Our Network Engineering team is investigating additional steps and checks that can be included in our existing change plans for work done during maintenance windows. Most notably, we will be looking at defining requirements to consider a change plan successful, versus what would require a rollback of the change, and to make informed risk decisions ahead of time rather than in the midst of the activity.

In Conclusion

We recognize the impact these networking issues had on our customers and we sincerely apologize for the frustrations and inconvenience.

Posted 11 days ago. Jul 09, 2019 - 17:43 UTC

Resolved
Our engineering team has resolved the issues that were resulting from the faulty network card, and impact is now resolved. All services should now be operating normally. If you continue to experience problems, please open a ticket with our support team. We apologize for any inconvenience.
Posted 24 days ago. Jun 26, 2019 - 17:04 UTC
Monitoring
Our engineering team has now completed the router code upgrade to help restore stability and resolve the issues due to the faulting network card. We appreciate your patience and will post an update as soon as the issue is fully resolved.
Posted 24 days ago.
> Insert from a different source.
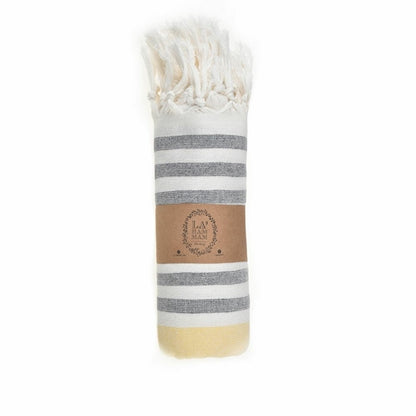 Ephesus türkisches Peshtemal Handtuch von BeachAndSteam, schnell trocknend und sandfrei, aus 100% Baumwolle, liegt flach auf dem Strand.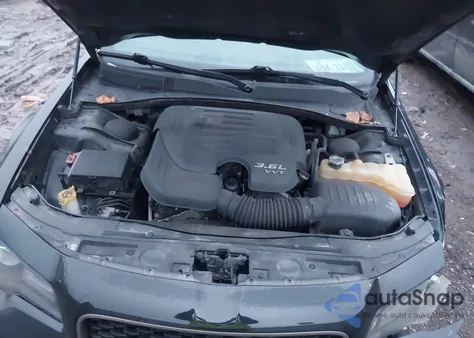 2016 Chrysler 300 300S Alloy Edition from USA, damaged, VIN 2C3CCABG3GH320749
Jun 26, 2019 - 15:50 UTC
Update
Our engineering team has identified and remediated the immediate issues, which were discovered to be related to a faulting network card. However, we continue to see alerts that indicate there are still intermittent issues with stability. Our engineering team is now executing a router code upgrade that we believe will address the issues and allow us to fully restore service. During this upgrade, users can expect to see brief connectivity issues and interrupted traffic flows. We apologize for the inconvenience and will post another update once the upgrade has completed.
Posted 24 days ago. Jun 26, 2019 - 14:22 UTC
Identified
Our engineering team has identified the cause of the issue with networking in our NYC1 region that is currently causing connectivity issues and impacting multiple services, including our Cloud Control Panel and API, and is working on a fix. We will post an update as additional information is available.
Posted 24 days ago. Jun 26, 2019 - 13:31 UTC
Update
Our engineering team continues to investigate the ongoing issues. a networking issue in our NYC1 region. During this time, you may experience intermittent packet loss or increased latency, as well as issues with creating and accessing services and accounts from the Cloud Control Panel or API. We apologize for the inconvenience and will share an update once we have more information.
Posted 24 days ago. Jun 26, 2019 - 12:11 UTC
Investigating
Our engineering team is investigating a networking issue in our NYC1 region. During this time, you may experience intermittent packet loss or increased latency. We apologize for the inconvenience and will share an update once we have more information.
Posted 24 days ago. Jun 26, 2019 - 11:48 UTC
This incident affected: Regions (Global, NYC1) and Services (API, Cloud Control Panel, Networking).